Baba Anna does not have a mystic quality about her. She is, as Ms. Odezynska puts it, rather "down to earth." But her faith is real and her methods are excruciatingly detailed and ritualistic.

Nature is her partner, and in one of the film's most interesting sequences we learn about the "tools" of her trade. The chrysanthemum flower is used for healing women (or for helping them to find a boyfriend). Garlic has teeth; "he bites." The egg - "she" also is for healing women, and Baba Anna has eggs in two colors, one for blondes and one for brunettes. Her other simple tools include a bowl, a spoon, a knife, wax and water.

And then there's God, on whom Baba Anna calls for strength. Her method is part divination, part banishment (of evil spirits) and part psychology. She's also known to give more practical prescriptions such as hot baths and shots of vodka.

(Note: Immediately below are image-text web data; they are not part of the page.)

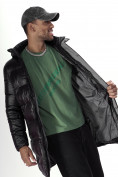 Оптом Куртка удлинённая мужская зимняя черного цвета 22307Ch в Казани, фото 23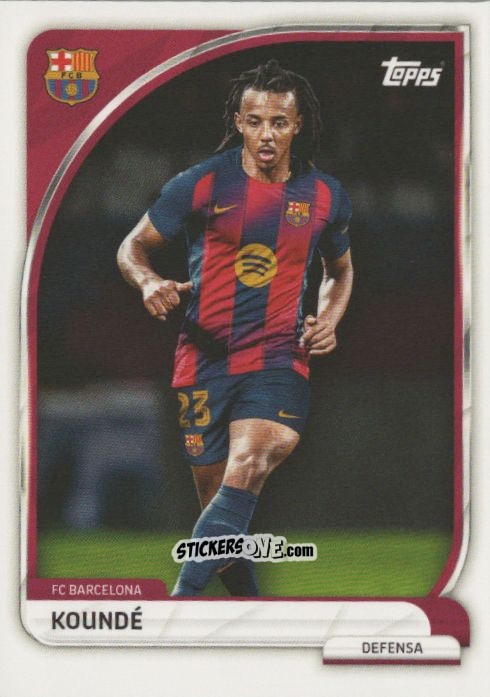 Figurina Koundé - Fc Barcelona 2025-2026 Collector Tin n. 4 - Topps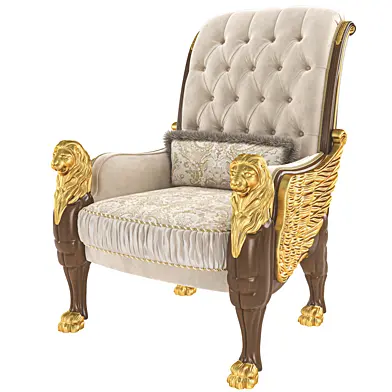 Art 15451 Lion armchair by Modenese Gastone Interiors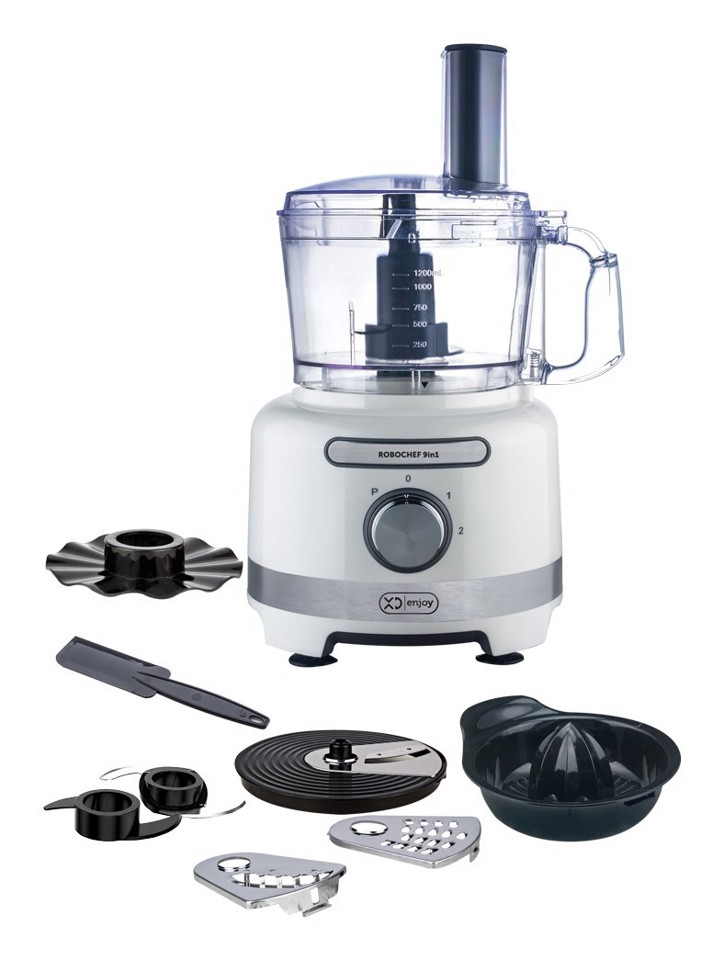 XD Enjoy XDHKFP120 robot da cucina 1000 W 1,2 L Trasparente, Bianco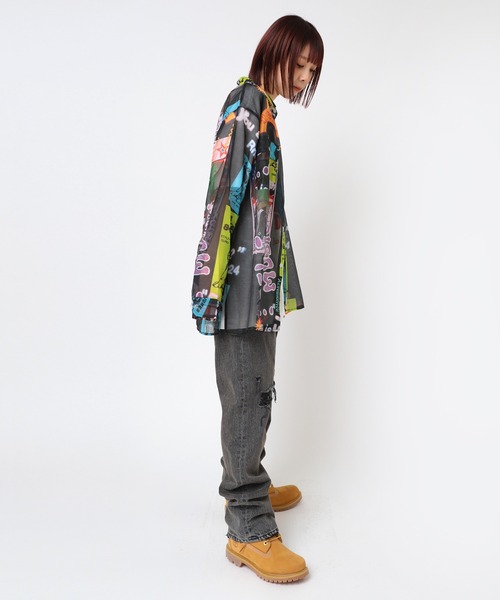 RNA（アールエヌエー）の「R4345 ダメージタイトストレート（デニムパンツ・レディース・ブラック/インディゴブルー・SMALL/MEDIUM）」の11枚目の写真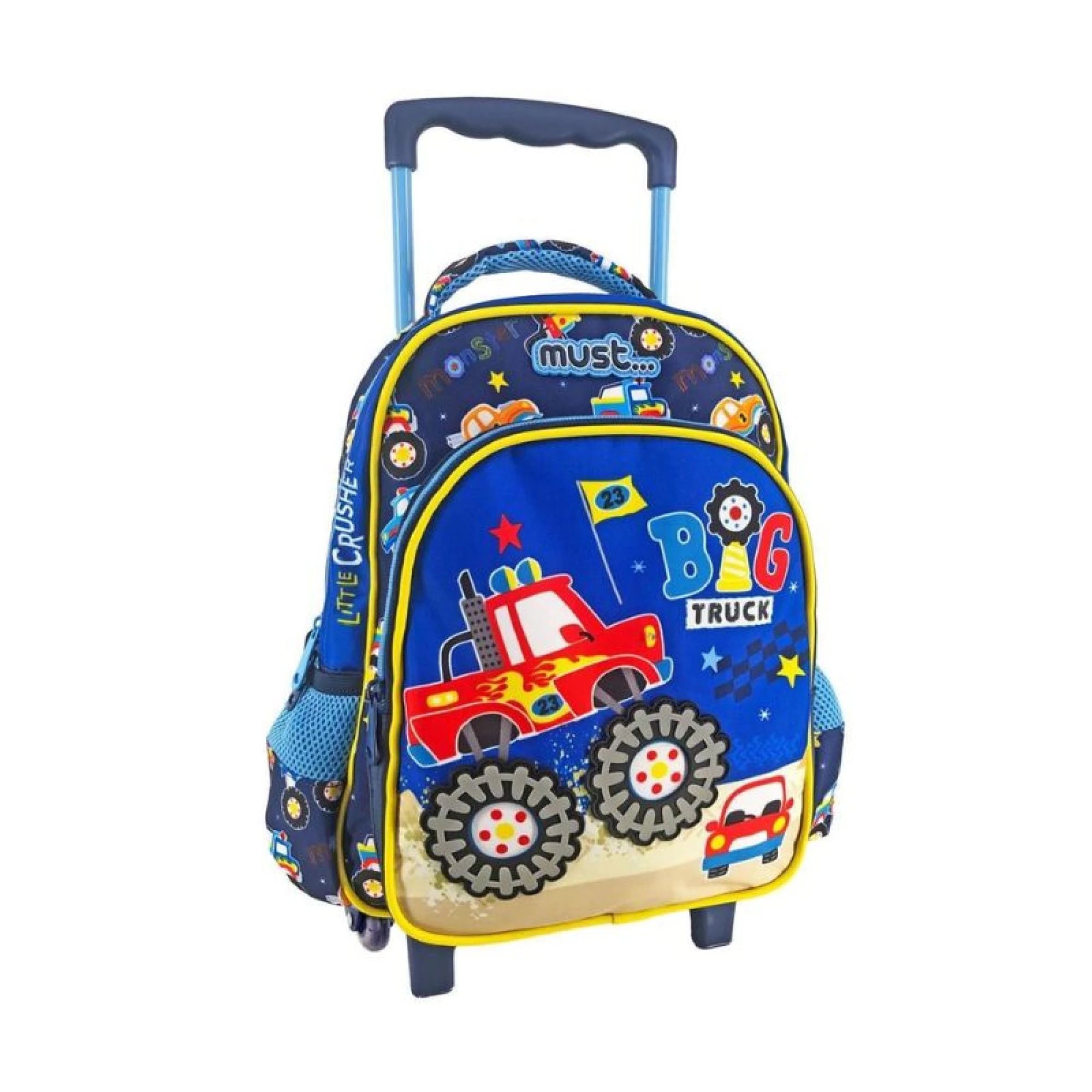 Kindergarten Trolley Bag Must Little Crusher with 2 cases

Ms. Odezynska's recounting of her session with Baba Anna, which she had greeted with no small degree of skepticism, culminates in an emotional climax that rises so quickly and overwhelmingly that it seems to come out of nowhere and yet has been carefully built from the opening moments of the film. As Baba Anna gives her a lasting image of herself as a vessel of overflowing joy - an image previously elusive to the filmmaker - the seed of healing has been planted.

Alternating between scenes of the "old country" and "talking head" sequences in which the filmmaker tells her story to the camera, this is a hybrid experience - part documentary, part personal odyssey. Using a typical documentary structure that moves from the general to the specific, this film makes that arc twofold: as we venture deeper inside the world of these country folk and learn the intricacies of their resident healer's methods, we are at the same time drawn deeper into the filmmaker's personal story.

As if to enhance the fluidity of the transitions, the film is rich with water imagery. From the images of rain-streaked windows through which we first see the narrator/filmmaker, to the special water collected from streams used in Baba Anna's rituals (which must be poured out in a remote place by the healed three days after their session), to the tears that well in the filmmaker's eyes, to the powerful central image of the film, a life-giving stream that explodes jubilantly as it fills and overflows the shallow vessel of a spoon, water is the irrepressible force behind the story.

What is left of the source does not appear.